Lastly, Mohamed still plays with the class and racial aspects to Yenu and Nick’s relationship. She muddies the water a little bit this time, inverting their power dynamics a little bit. Yenu still has Johnny’s flair for the impossible schemes, the need to assert power over Them, but it has a different nature this time. She’s still unpredictable and untrustworthy based on her history, but it feels less distinct. Nick, however, is calling from inside the house. His passivity towards the Ancient Ones, and active hostility towards the rebels’ desires of freedom make him an enemy to his older self. Not to mention, he can’t decide whether Yenu should be stopped because she’s a tool of the Ancient Ones or because she’s going to get everyone killed. It’s not as clear cut this time around and it adds to the tension quite a bit.

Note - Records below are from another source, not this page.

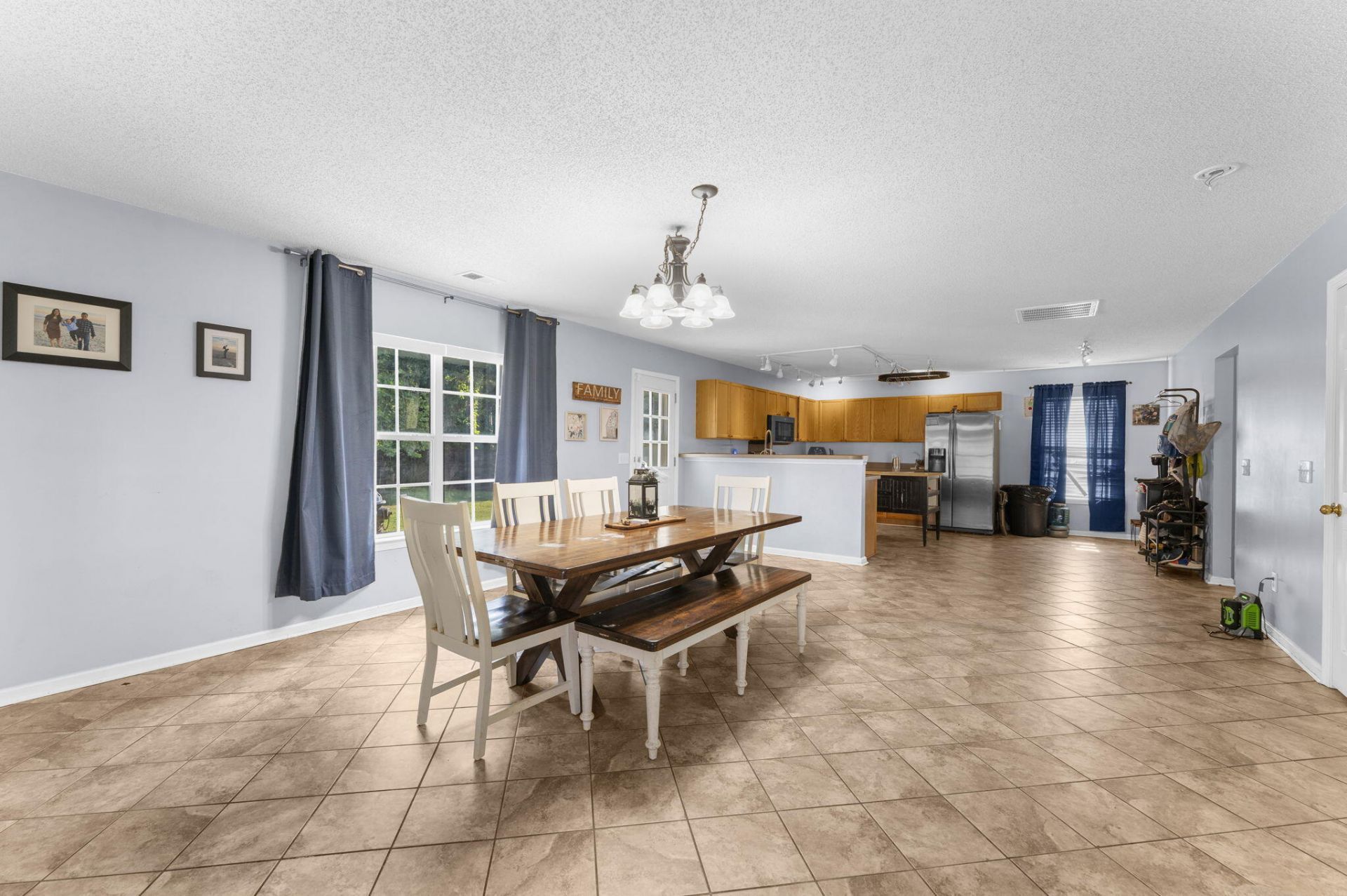 2030 Robin Wood Boulevard Photo 6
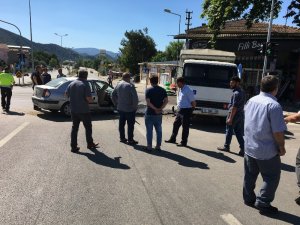 Kırmızı ışıkta geçen otomobil kaza yaptı, 3 yaralı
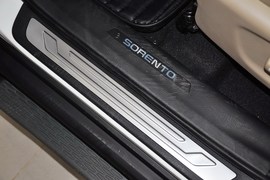 2013款起亚索兰托2.4GDI五座至尊版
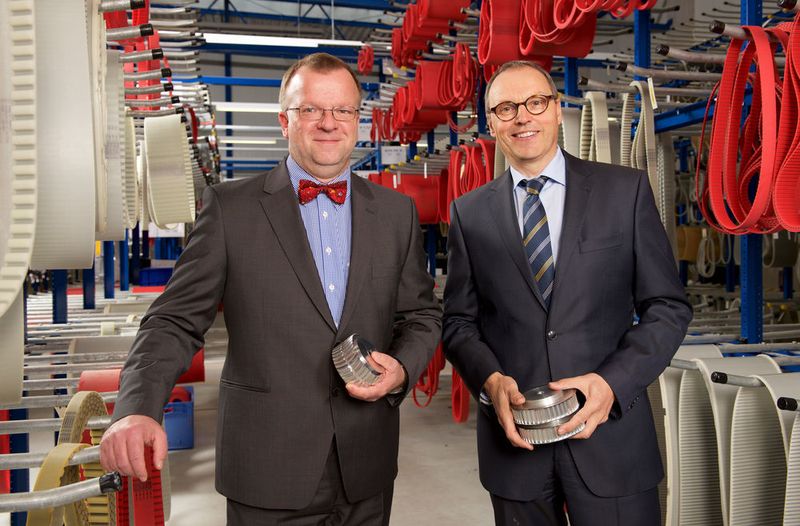Blicken in eine positive Zukunft: die beiden Geschäftsführer der Wilhelm Herm. Müller GmbH & Co. KG (v. l.): Ulrich Roßner und Michael Ellinger. (Bild: Wilhelm Herm. Müller GmbH & Co. KG)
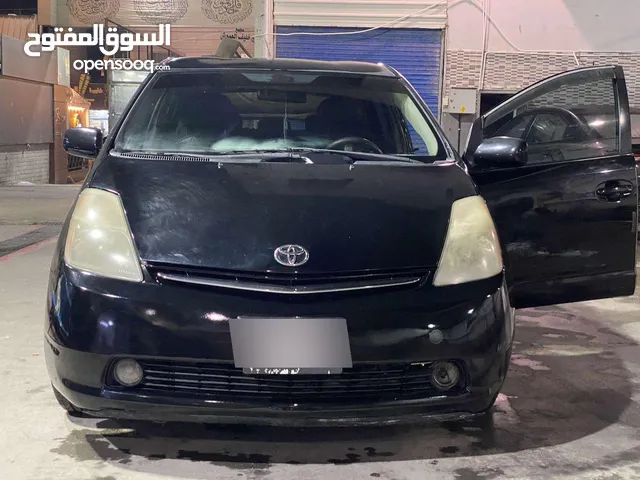 Used Toyota Prius in Zarqa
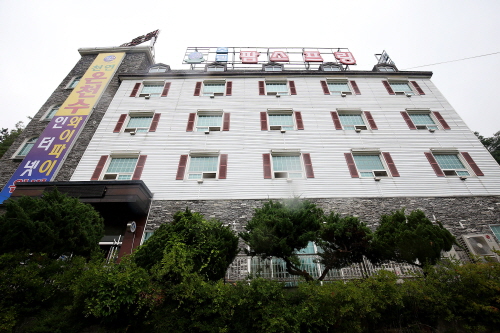 パームスプリングホテル（팜스프링호텔）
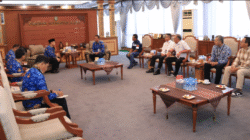 Gubernur Kalimantan Barat, Drs. H. Ria Norsan, M.M., M.H. (kiri), saat menerima audiensi jajaran KSOP Kelas I Pontianak dan Pelindo Regional 2 Pontianak di Ruang Kerja Gubernur, Rabu (17/12/2025). (Dok. HO/Faktakalbar.id)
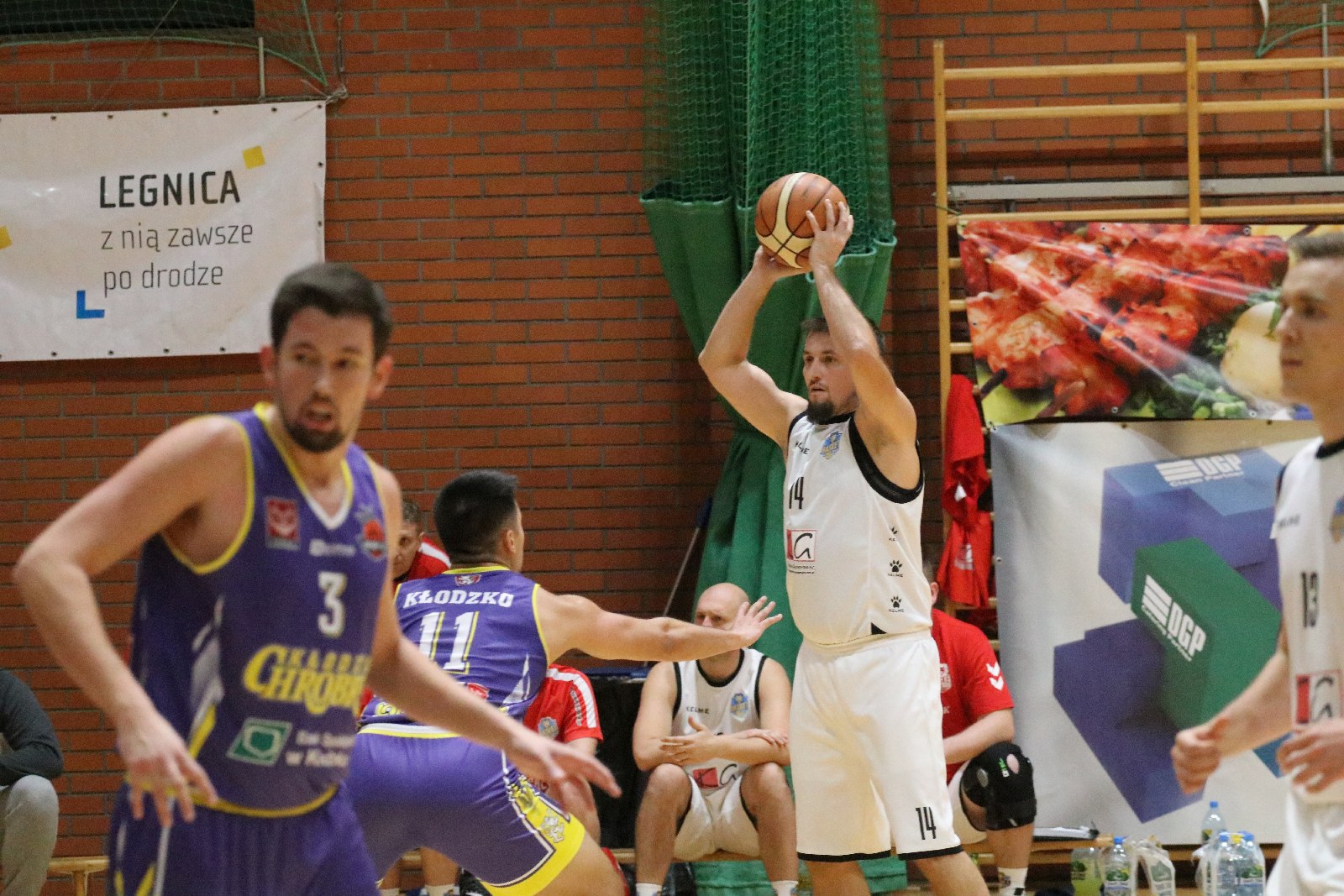 Koszykarze Basketu wygrali we własnej hali z Chrobrym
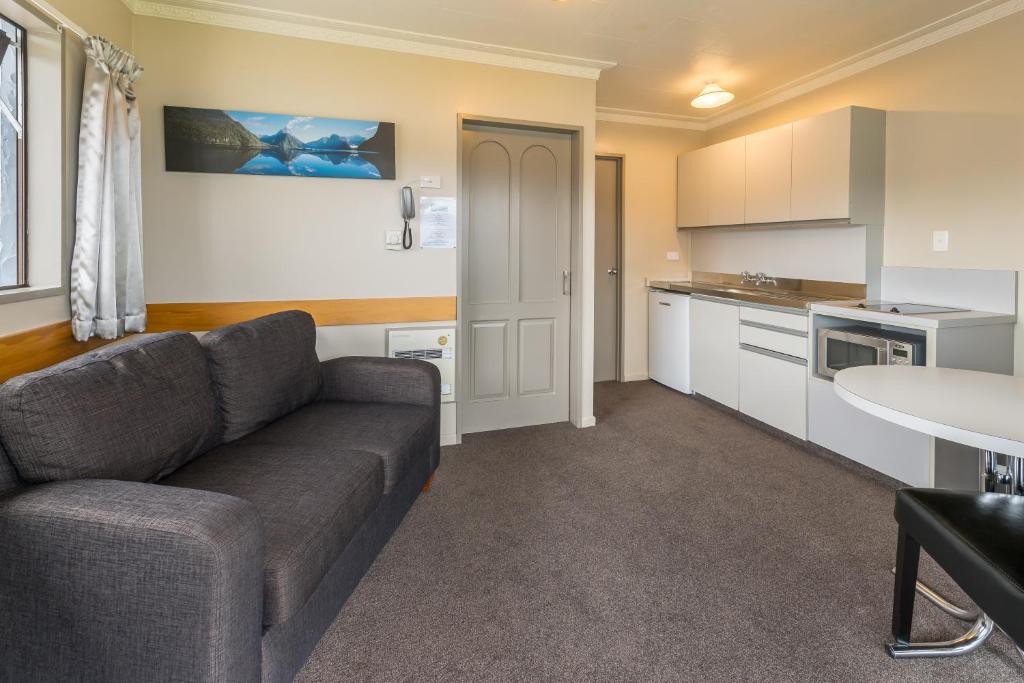 Lakeside Motel & Apartments - Resim 41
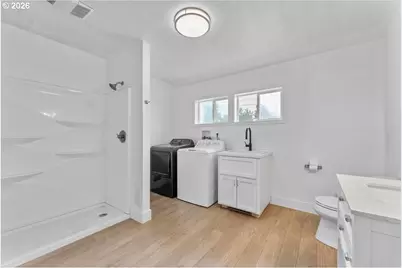 590 N Pershing St, Mount Angel, OR 97362 - Photo 8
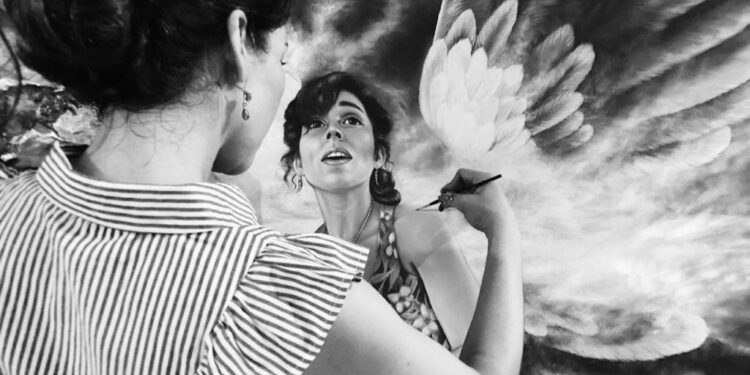 BEATRIZ TEXTA ARTE EN SUS MANOS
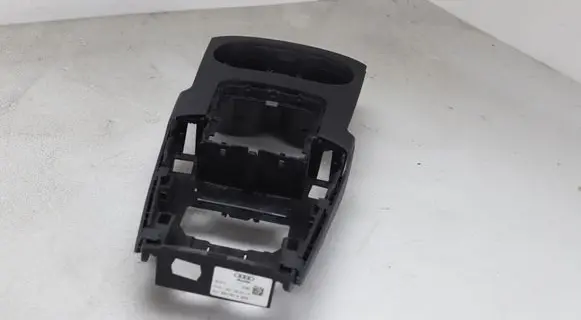 Audi A3 S3 8V Other center console (tunnel) element 8V1864261A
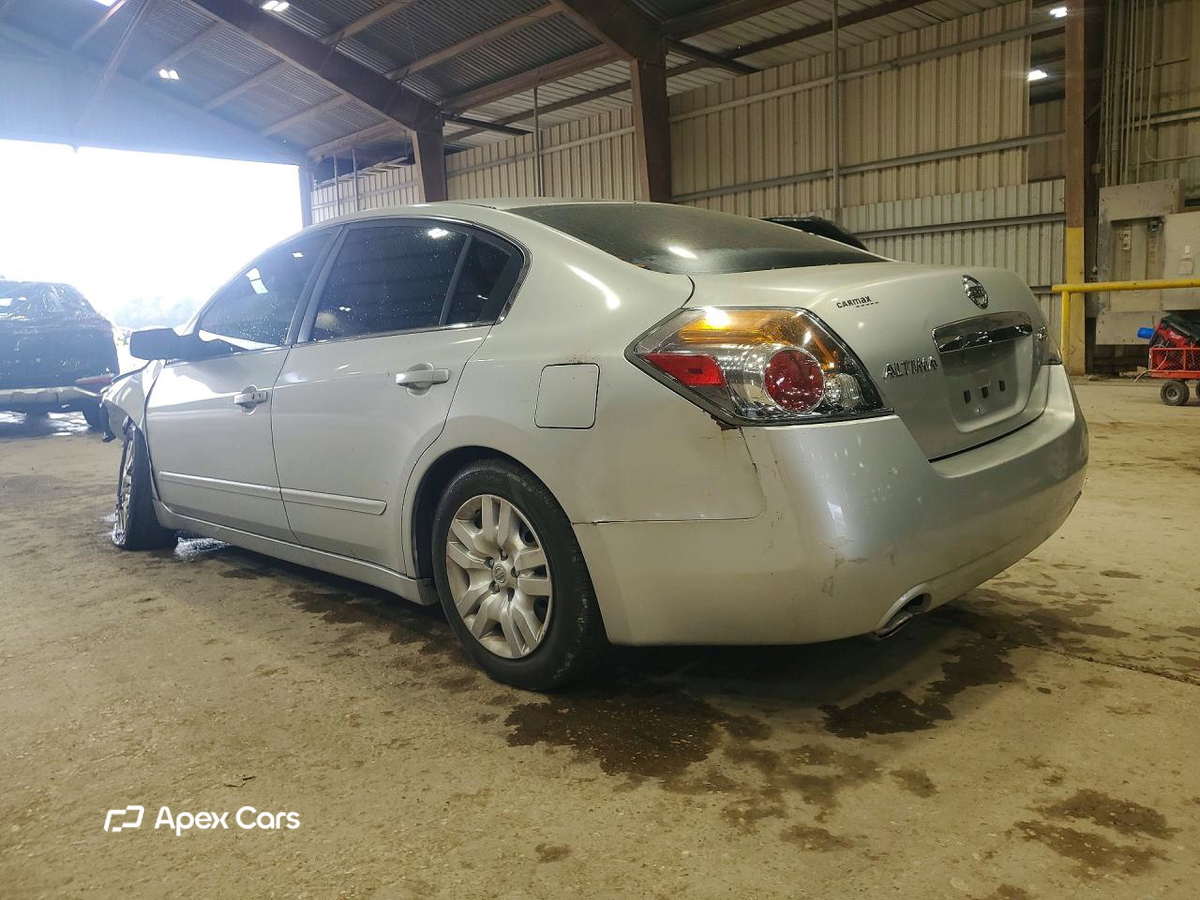 Nissan Altima 2010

I’m sure some folks will be frustrated by Mohamed’s intensely chaotic nature in these books, but it’s what I’ve come to expect of her, and she always delivers in spades. I can count on her for incredible internal thoughts, fun pop-culture references (subjective I know, and I generally dislike them), and painful but truthful relationship dynamics. I’m so glad I picked up Beneath the Rising when it came out, and even more glad I gave the last book another shot after some time away from my spring slump. If you haven’t given this series a shot yet, and you want a fun yet critical portrayal of Lovecraftian lore that respects the ideas it can strive for, definitely pick up Premee Mohamed’s Beneath the Rising Trilogy. And if you have finished book two, and haven’t finished the series, it’s worth your time. It definitely was worth mine.